**REQUIRED ACTION:** Stop at the line that contains "Autumn Leaves Olive". Until then, set down each line of the records exactly, beginning with the first, and skip pictures.

**AVAILABLE RECORDS:**
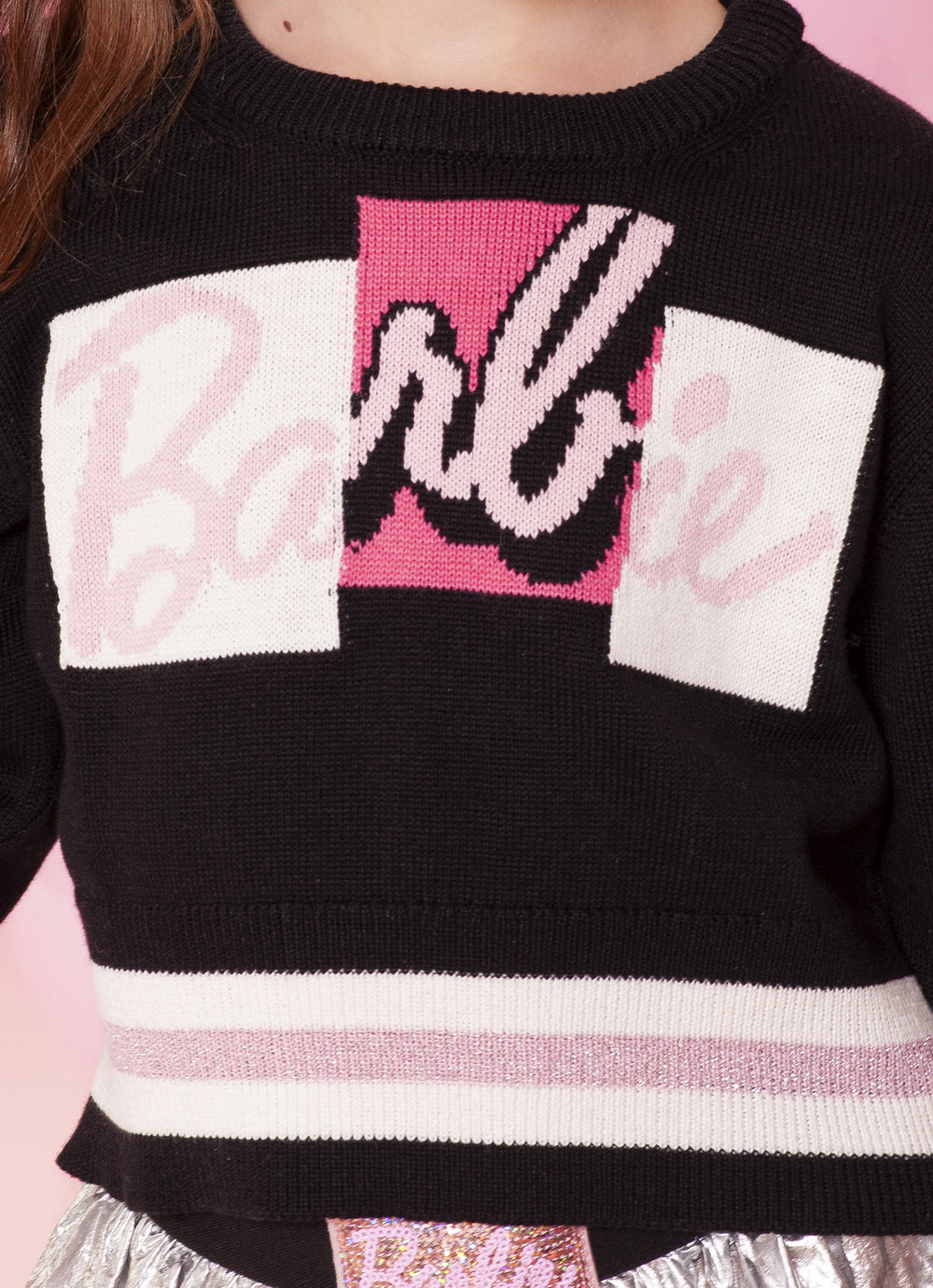 Conjunto Infantil Blusa Tricot Barbie Color Preta e Saia Prata Patche Barbie - Pituchinhus
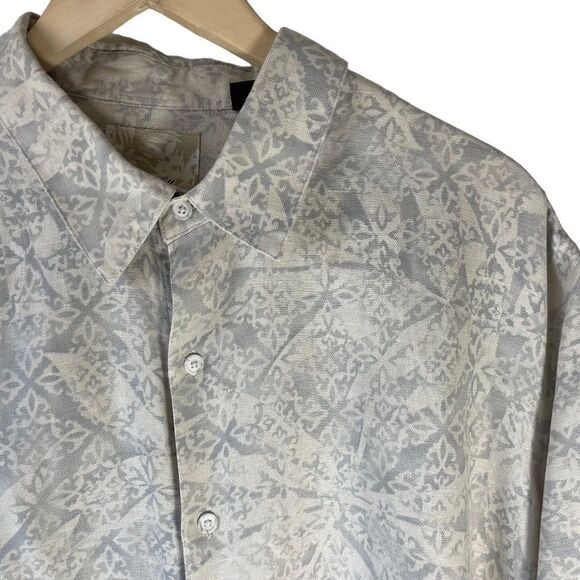 Tasso Elba Island Cream/Grey Silk/Linen Blend Shirt Sz XXL - Picture 3 of 5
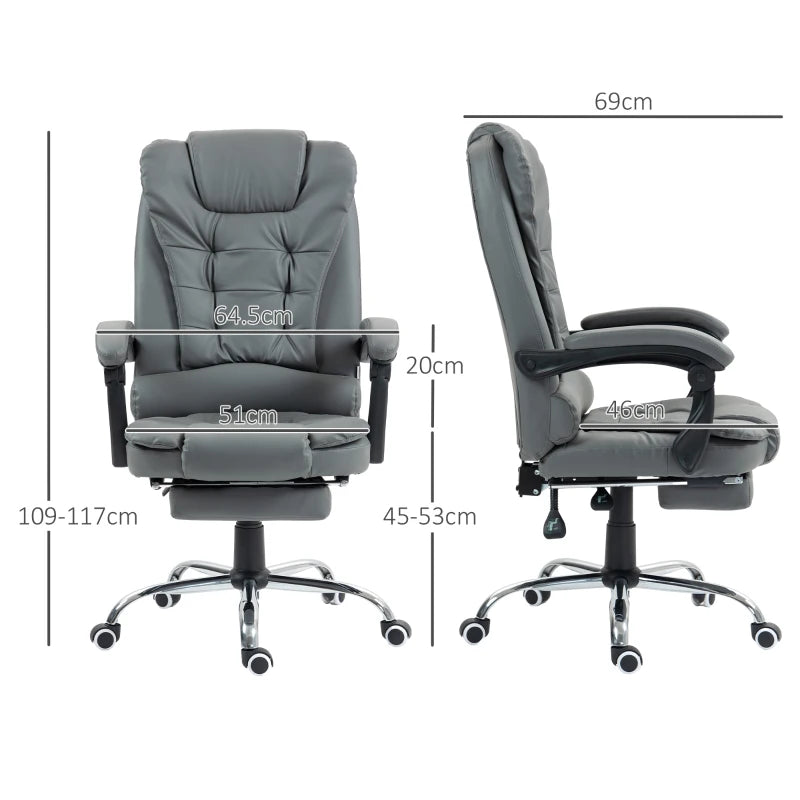 Grey Home Office Chair with Recline & Retractable Footrest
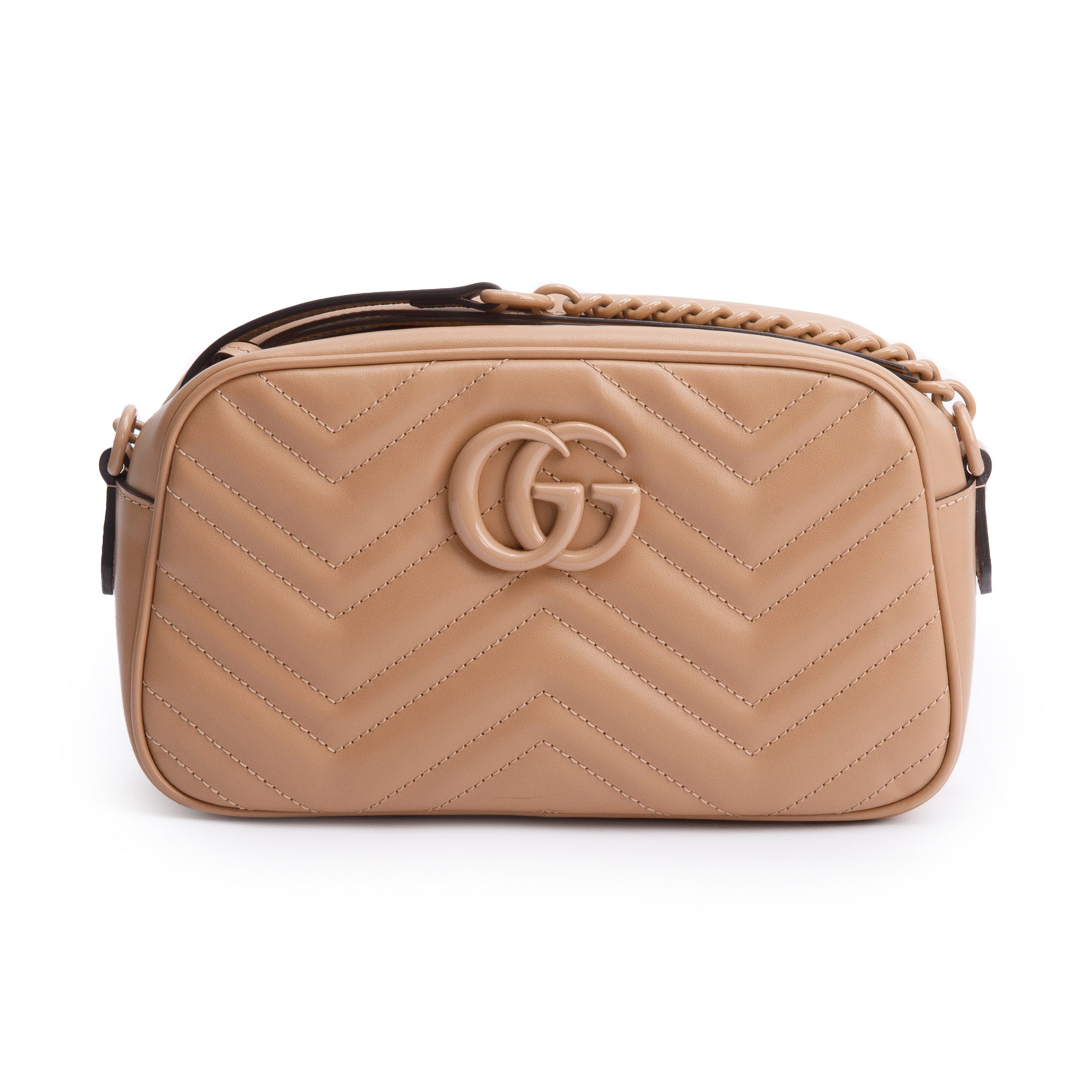 Gucci Beige GG Marmont Matelasse Small Camera Bag w/ Box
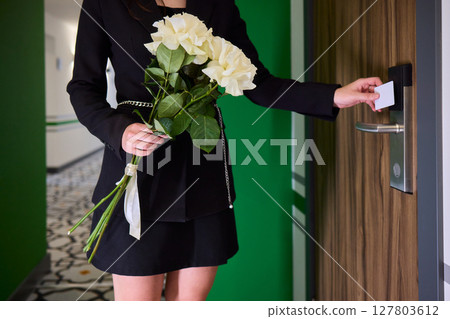 Gaining entry to a hotel room is made easy through a convenient key card system design 127803612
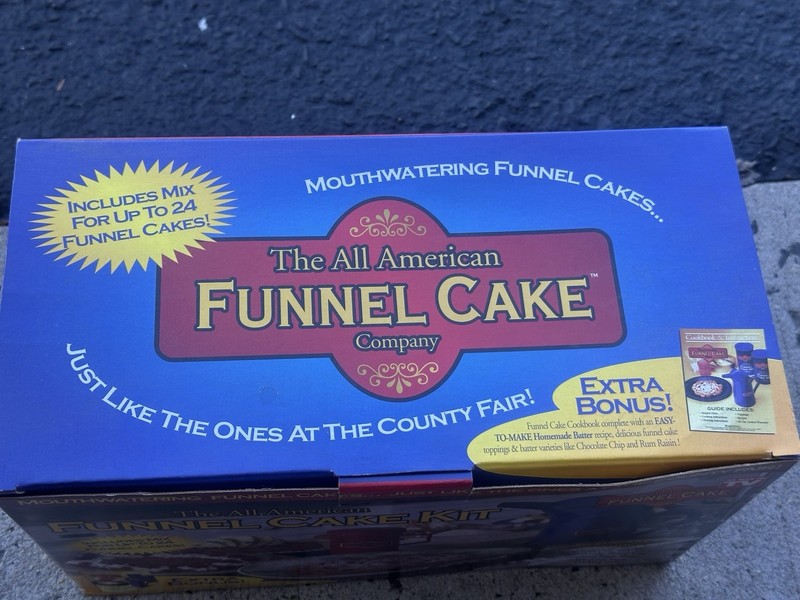 All American Funnel Cake Company kit, allows you to make funnel cakes at home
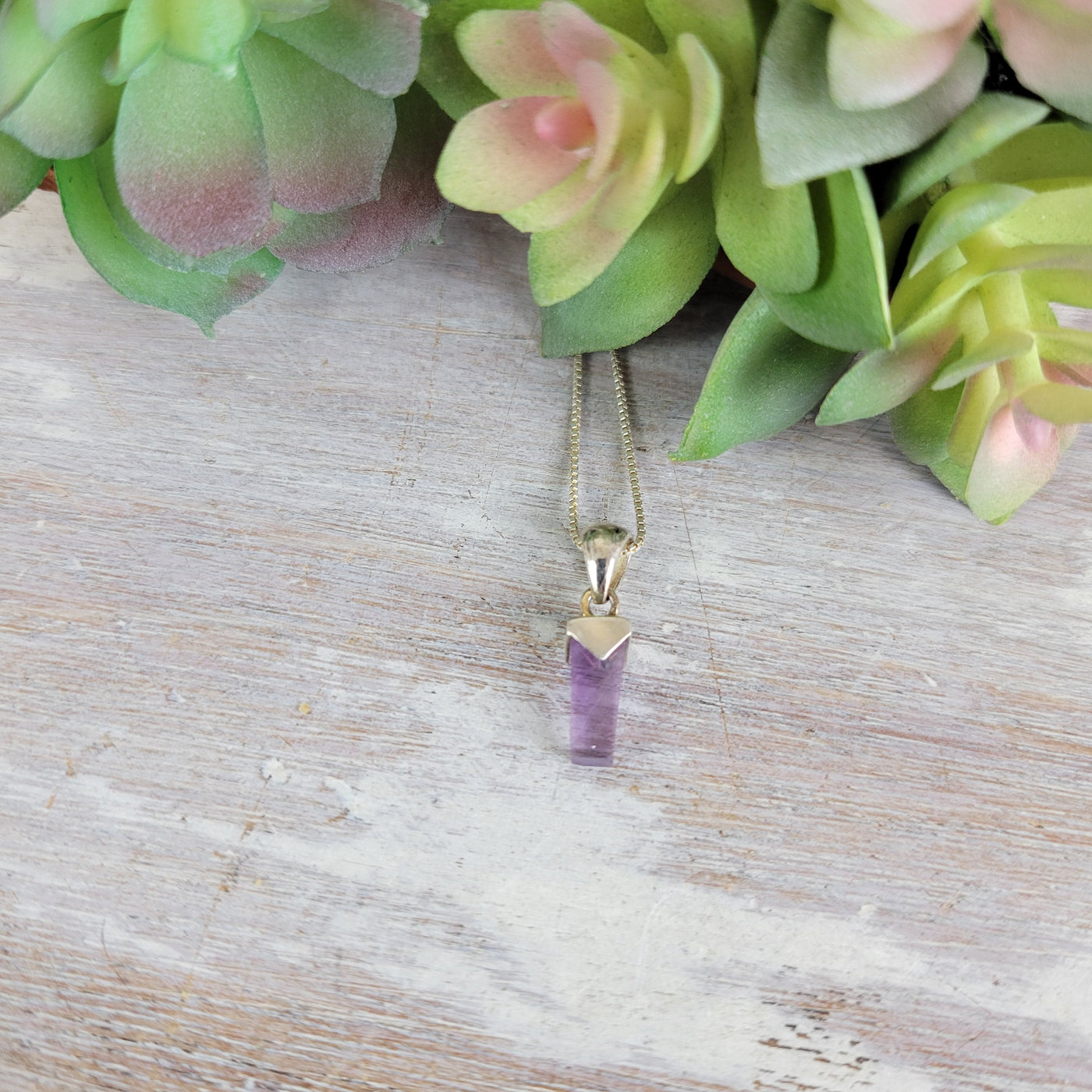 Gemstone Point sterling silver Pendant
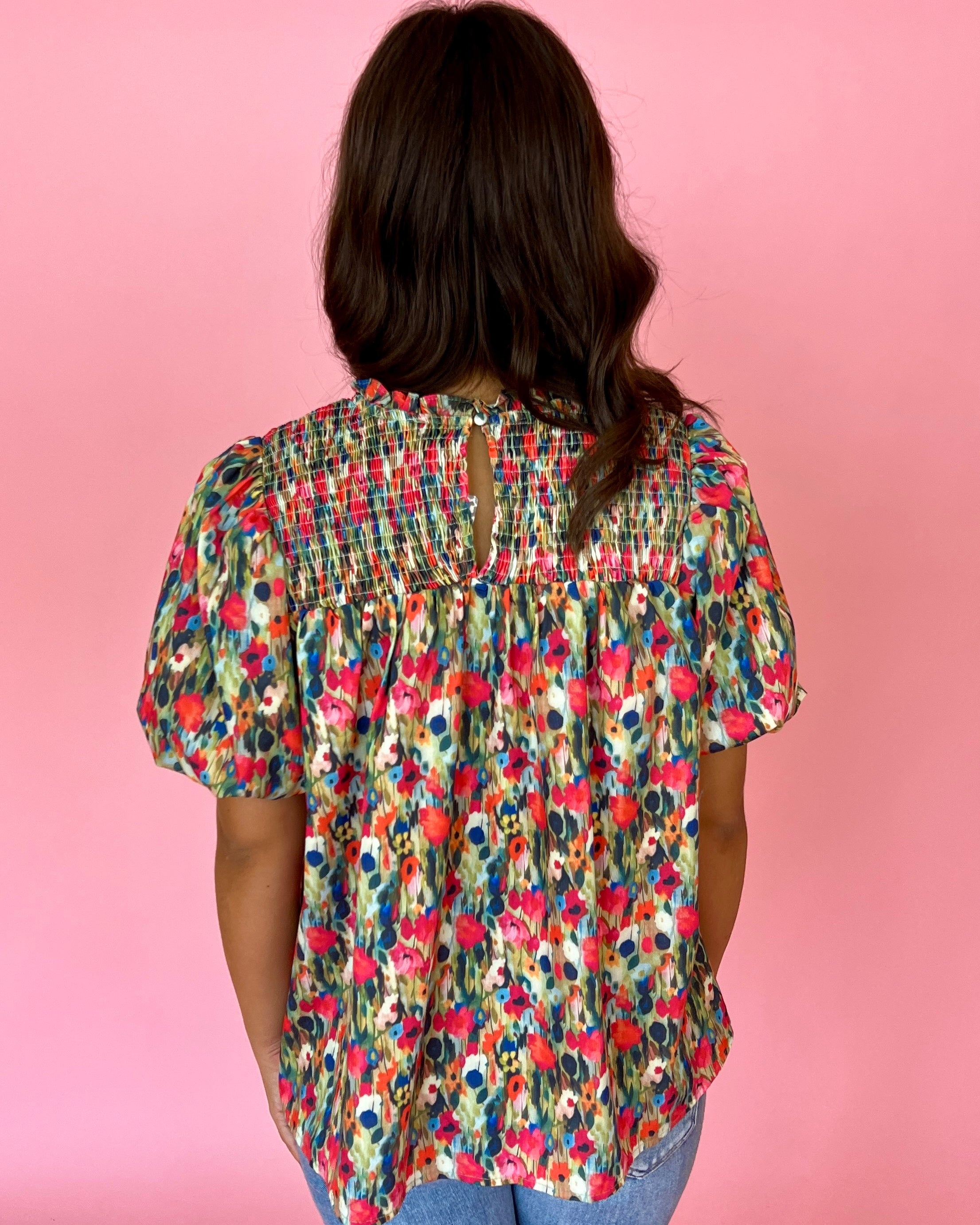 Autumn Leaves Olive Smocked Printed Puff Sleeve Top-Shop-Womens-Boutique-Clothing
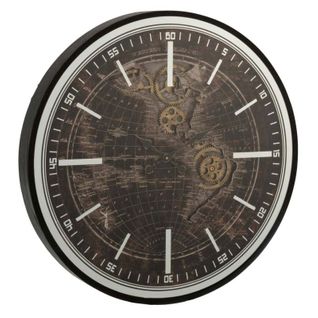 Horloge Murale "mappemonde" 48cm Or et Noir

**EXERCISE OUTPUT:**
 Conjunto Infantil Blusa Tricot Barbie Color Preta e Saia Prata Patche Barbie - Pituchinhus
 Tasso Elba Island Cream/Grey Silk/Linen Blend Shirt Sz XXL - Picture 3 of 5
 Grey Home Office Chair with Recline & Retractable Footrest
 Gucci Beige GG Marmont Matelasse Small Camera Bag w/ Box
 Gaining entry to a hotel room is made easy through a convenient key card system design 127803612
 All American Funnel Cake Company kit, allows you to make funnel cakes at home
 Gemstone Point sterling silver Pendant
 Autumn Leaves Olive Smocked Printed Puff Sleeve Top-Shop-Womens-Boutique-Clothing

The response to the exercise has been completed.